Beyond the realms of physical ability, talent, and discipline - what separates a potentially world-class athlete from a champion? The answer is psychology. The practice of visualisation - that is, to vividly imagine the occurrence of the perfect outcome, such as scoring the winning goal or winning the race - is a facet of personal psychology that spans many disciplines, not just sports.
Although simple in theory, individuals are required to train the mind to be able to imagine their positive desired outcome vividly and regularly, truly feeling the sensations that the reality of this outcome would provide. It's not hard to see how these methods from the elite world of sport can be appropriated or adapted for the rest of us.
Visualisation can be used to help an amateur athlete prepare for a big game, a marathon, or a bike race by encouraging them to focus on the execution of correct skills and good technique. The mental prowess of world class athletes and champions is cultivated through years of focusing the mind, training thoughts as they would train their bodies, in order to build the optimum stamina and mental strength they need to achieve success.
The idea that sports are 90% mental and 10% physical is a viable concept. As the Olympic gold-medal winner Bruce Jenner once stated, "You have to train your mind like you train your body." The amateur athlete can learn from this approach, and indeed many individuals already use the practice to some extent. Preparing for a match, race, or an effort to beat your personal best, can all be optimised by vividly visualising the desired outcome of the event.
Here is some insight from world-class athletes who practice the power of visualisation technique to gain the mental edge and propel their performance towards victory.
Jonny Wilkinson (Rugby)
Former England rugby player Wilkinson performed visualisation techniques to prepare for big games. Explaining his approach, he stated: "You are creating the sights and sounds and smells, the atmosphere, the sensation, and the nerves, right down to the early morning wake-up call and that feeling in your stomach. It helps your body to get used to performing under pressure. I visualise the ball travelling along that path and imagine the sensation of how the ball is going to feel when it hits my foot for the perfect strike."
Wayne Rooney (UK Football)
Footballer Wayne Rooney is a firm advocate of mental preparation and the visualisation technique. "I lie in bed the night before the game and visualise myself scoring goals or doing well. You're trying to put yourself in that moment and trying to prepare yourself, to have a 'memory' before the game." Rooney sees his approach as fundamental to his sporting success. "I don't know if you'd call it visualising or dreaming, but I've always done it, my whole life."
Jessica Ennis-Hill (Olympic Heptathlon Champion)

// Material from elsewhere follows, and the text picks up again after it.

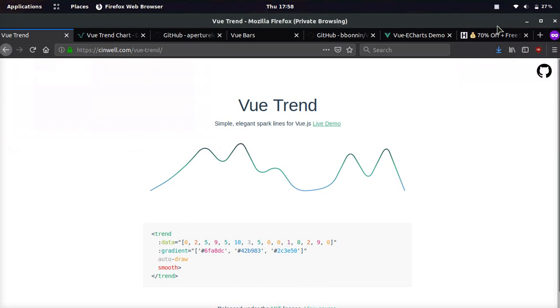Hey you guys, it's your boy Odin from Host.Promo. In today's video, I'm going to show you the top six Vue.js charting libraries that you can use for your website.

Ennis-Hill revealed her mental training tactic prior to the 2012 London Olympic Games: "I use visualisation to think about the perfect technique. If I can get that perfect image in my head, then hopefully it'll affect my physical performance."
Novak Djokovic (Tennis)
The number one ranked player in men's singles tennis, uses visualisation during training and major events. Djokovic's use of visualisation began when his first tennis coach taught him to visualise his shots to the sound of classical music.
Andy Murray (Tennis)
In order to mentally acclimatise before a major event, Andy Murray visits the centre court when the area is deserted and imagines his future success. "I want to make sure I feel as good as possible so I have a good tournament."
Shannon Miller (Olympic Gold Medallist)
Olympic gold medal-winning gymnast Shannon Miller believes strongly in the power of visualisation and the importance of the psychology of success. In an interview with the Dana Foundation, she stated: "The physical aspect of the sport can only take you so far. The mental aspect has to kick in, especially when you're talking about the best of the best. In the Olympic games, everyone is talented. Everyone trains hard. Everyone does the work. What separates the gold medalists from the silver medalists is simply the mental game."